I'd like the number of lines in the material below that include the word "Image", written with no other text.

------------------------------------

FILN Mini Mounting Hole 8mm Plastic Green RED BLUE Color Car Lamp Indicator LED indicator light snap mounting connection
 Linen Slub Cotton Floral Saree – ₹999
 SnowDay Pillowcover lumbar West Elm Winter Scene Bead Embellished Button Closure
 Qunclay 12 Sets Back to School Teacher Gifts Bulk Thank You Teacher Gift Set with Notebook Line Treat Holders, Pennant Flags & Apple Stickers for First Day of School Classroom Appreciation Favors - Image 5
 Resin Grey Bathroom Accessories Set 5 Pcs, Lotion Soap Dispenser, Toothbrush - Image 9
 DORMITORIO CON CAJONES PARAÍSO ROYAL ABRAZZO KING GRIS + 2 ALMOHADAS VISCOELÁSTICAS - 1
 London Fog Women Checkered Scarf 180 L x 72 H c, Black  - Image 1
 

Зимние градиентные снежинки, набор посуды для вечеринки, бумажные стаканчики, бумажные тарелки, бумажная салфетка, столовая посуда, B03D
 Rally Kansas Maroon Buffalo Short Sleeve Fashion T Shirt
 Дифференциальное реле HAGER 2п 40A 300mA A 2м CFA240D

------------------------------------

> YOUR RESPONSE
3